Date: Tue, 15 Dec 2009 15:26:01 -0500 (EST)
From: Alan Stern <stern@rowland.harvard.edu>
To: Linus Torvalds <torvalds@linux-foundation.org>
cc: "Rafael J. Wysocki" <rjw@sisk.pl>, Zhang Rui <rui.zhang@intel.com>,
       LKML <linux-kernel@vger.kernel.org>,
       ACPI Devel Maling List <linux-acpi@vger.kernel.org>,
       pm list <linux-pm@lists.linux-foundation.org>
Subject: Re: Async suspend-resume patch w/ completions (was: Re: Async
 suspend-resume patch w/ rwsems)
In-Reply-To: <alpine.LFD.2.00.0912150803250.14385@localhost.localdomain>
Message-ID: <Pine.LNX.4.44L0.0912151444010.2643-100000@iolanthe.rowland.org>
MIME-Version: 1.0
Content-Type: TEXT/PLAIN; charset=US-ASCII
Sender: linux-kernel-owner@vger.kernel.org
Content-Length: 8345
Lines: 173

On Tue, 15 Dec 2009, Linus Torvalds wrote:

> It's a very subtle theory, and it's not necessarily always 100% true. For 
> example, a cardbus bridge is strictly speaking very much a PCI bridge, but 
> for cardbus bridges we _do_ have a suspend/resume function.
> 
> And perhaps worse than that, cardbus bridges are one of the canonical 
> examples where two different PCI devices actually share registers.
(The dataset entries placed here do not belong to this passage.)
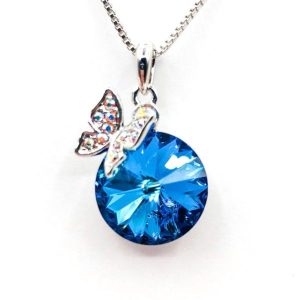 Sterling silver Swarovski Pendant Butterfly Round Bermuda blue -0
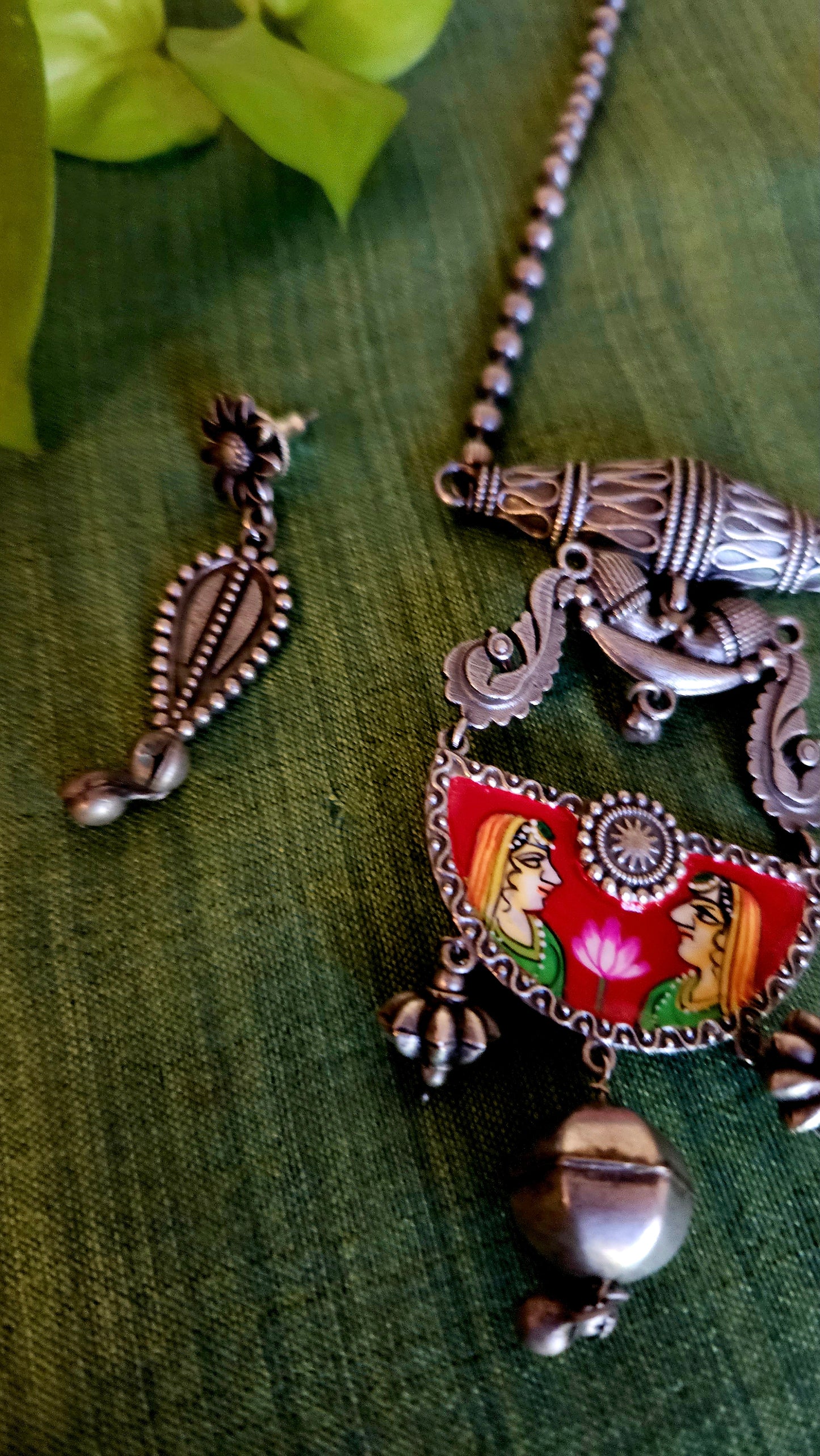 Hand painted silver finish set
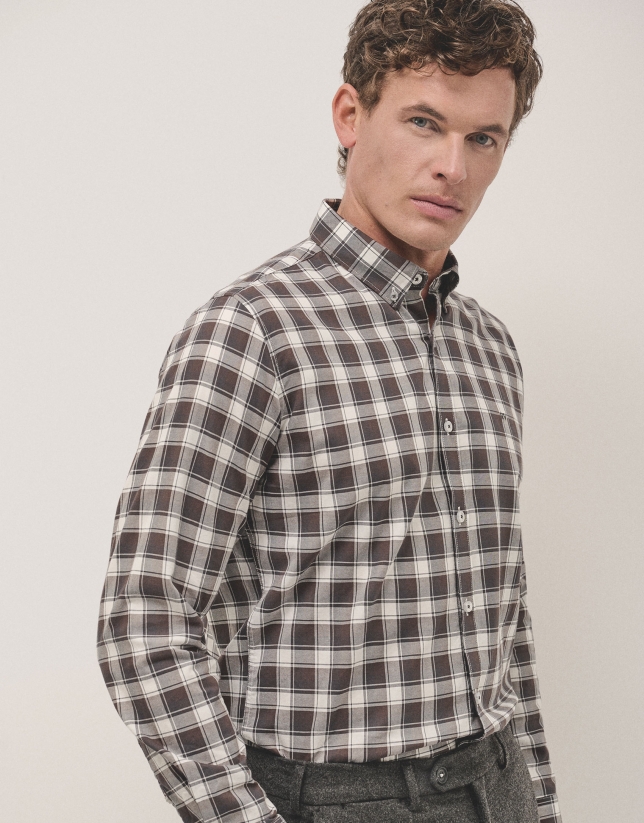 Black, white and brown checked sport shirt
It's 
> quite common that some of the control registers are shared across the two 
> subfunctions of a two-slot cardbus controller (and we generally don't even 
> have full docs for them!)

Okay.  This obviously implies that if/when cardbus bridges are
converted to async suspend/resume, the driver should make sure that the
lower-numbered devices wait for their sibling higher-numbered devices
to suspend (and vice versa for resume).  Awkward though it may be.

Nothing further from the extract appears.